Surtout n'épargnez pas vos jours,
De Sparte ce n'est pas l'usage…
Ce deuxième poème est un chant de guerre. Il prône l’honneur de la patrie plutôt que la vie. Sparte est ici présentée comme une cité guerrière dont le courage (en témoigne l’adjectif «vaillante ») est extrêmement important. Ce chant peut-être qualifié de patriotique car chaque individu qu’il soit « enfant » ou plus âgé « guerrier » à l’obligation de défendre Lacédémone envers et contre tout s’il ne veut pas être déshonoré, considéré comme lâche.
Exemple d’un historien et philosophe fasciné par Lacédémone
Xénophon, La République des Lacédémoniens.
Xénophon est un historien et philosophe grec. Il vécut au Vème et IVème siècle avant J.C. Ce fut l’un des disciples de Socrate. En 401, il rejoignit l'armée des mercenaires que Cyrus le jeune avait levée en Asie Mineure, et il prit part à la retraite des Dix-Mille. Plus tard il rejoignit l'armée spartiate, et fut banni par Athènes. Puni d'exil, il se retira à Sparte, qui lui accorda le statut de «proxène» (hôte de l'Etat) et un domaine, à Scillonte. C'est alors qu'il écrivit les sept livres de l’Anabase, chronique de l'expédition des Dix Mille.
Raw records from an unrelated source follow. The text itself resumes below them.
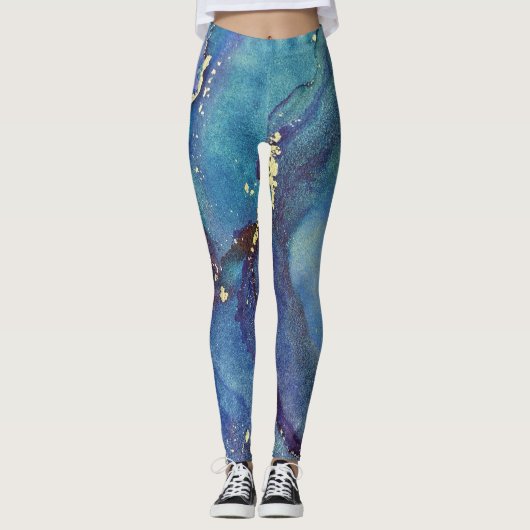Abstracte alcoholinkt Groen Paars Blauw & Goud Leggings (Voorkant)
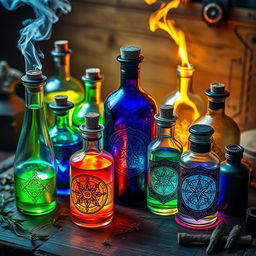 A collection of magical potions in various shaped bottles, glowing with different colors and emitting a mystical aura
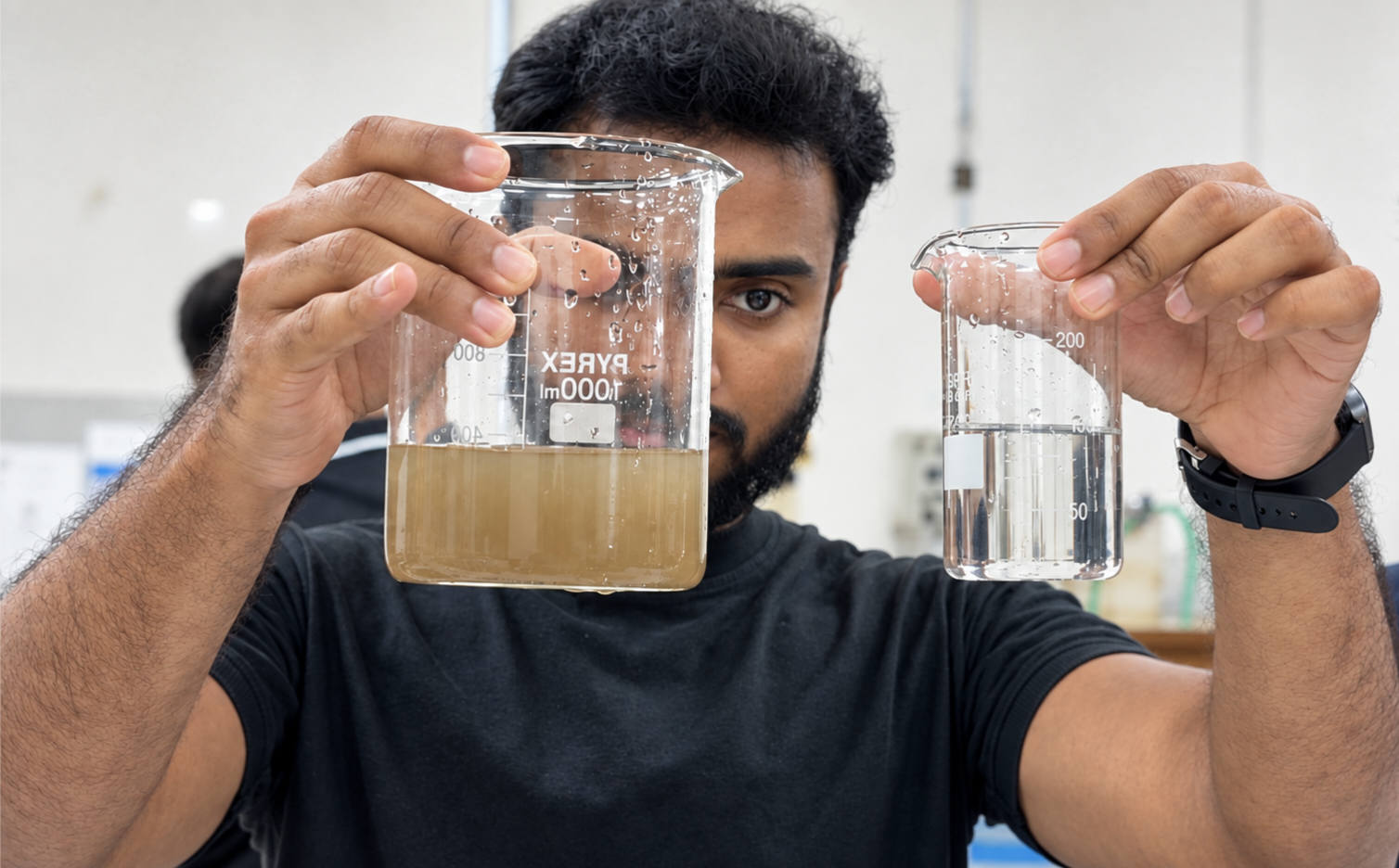 A Hydra team member in a laboratory holding two beakers, one with cloudy water and one with clear water.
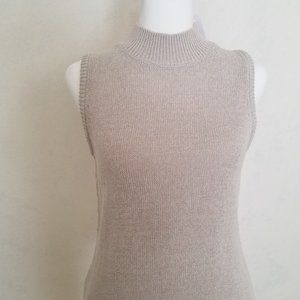 Ann Taylor Taupe Small Short Sleeve Mock Neck Sweater. New with tags.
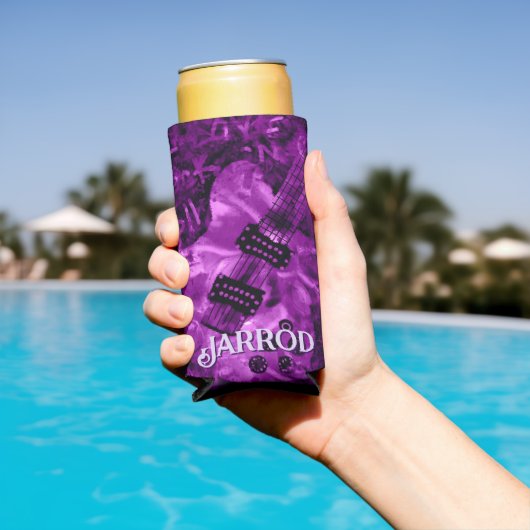 I Love Rock 'N Roll Electric Guitar Personalized スリム缶クーラー (インサイチュ プール)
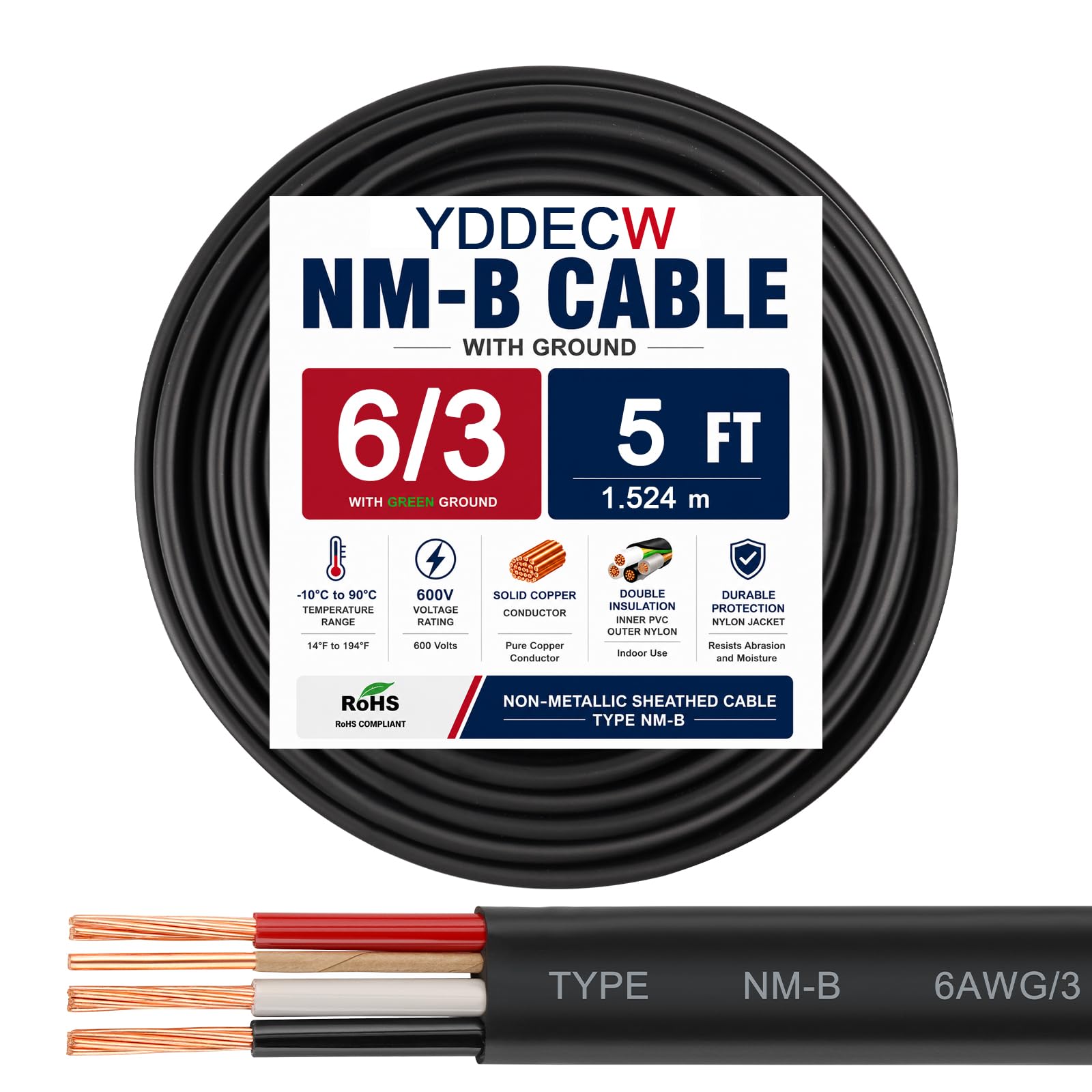 YDDECW 6/3 NM-B Wire with Ground - 5FT Non-Metallic Sheathed Cable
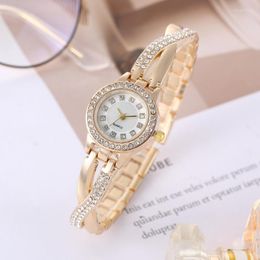 Wristwatches 2023 Design K Gold Diamond Crystal Watch Fashion Quartz Stainless Steel Watches Gift Free Shiping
La République des Lacédémoniens est un traité sur la constitution de Sparte. Ces trois extraits montrent la vision de Xénophon :
I-1. » Je songeais un jour que Sparte, qui compte parmi les Etats les moins populeux, a été de toute évidence le plus puissant et le plus illustre de la Grèce, et, frappé de ce fait, j’en cherchais la raison. Mais, quand j’eus considéré les institutions des Spartiates, je cessai de m’étonner. »
Xénophon emploie des superlatifs absolus mélioratifs pour désigner Sparte : « le plus puissant et le plus illustre de la Grèce ». Cela prouve l’importance de Lacédémone, selon lui : au dessus de tout. Il affirme clairement son avis et voue une admiration aux « institutions des Spartiates » qui amènent à « la puissance » et à la gloire.
IX-4 « Dans les autres Etats, en effet, quand un homme est lâche, on se contente de l’appeler lâche ; mais il se promène sur la place au même endroit que le brave, il s’assied près de lui et fréquente le même gymnase, s’il le veut. A Lacédémone, au contraire, on rougirait de recevoir le lâche à sa table et de lutter avec lui à la palestre. »
L’opposition entre « les autres Etats » et « Lacédémone » est marqué par la locution « au contraire ». Cela renforce l’idée d’une cité qui n’est pas comme les autres donc extraordinaire. Pour Xénophon l’on devrait se comporter avec les lâches comme on le fait à Sparte, et ne pas user d’hypocrisie en se « content[ant] de l’appeler lâche » mais en acceptant sa présence près de soit.
IX-6 « Quand je vois une telle infamie peser sur les lâches, je ne m’étonne aucunement qu’à Sparte on préfère la mort à une vie déshonorée et ignominieuse. »
La présence du pronom personnel de première personne du singulier prouve bien que Xénophon donne son propre avis. De plus la présence des trois synonymes « infamie, déshonorée et ignominieuse » montre l’insistance de Xénophon sur le résultat de la lâcheté qu’il juge inadmissible. Il appuie le fait que la mort est une voie préférable au manque de courage et donc que la bravoure est une vertu vitale. Pour lui, le modèle spartiate est le meilleur.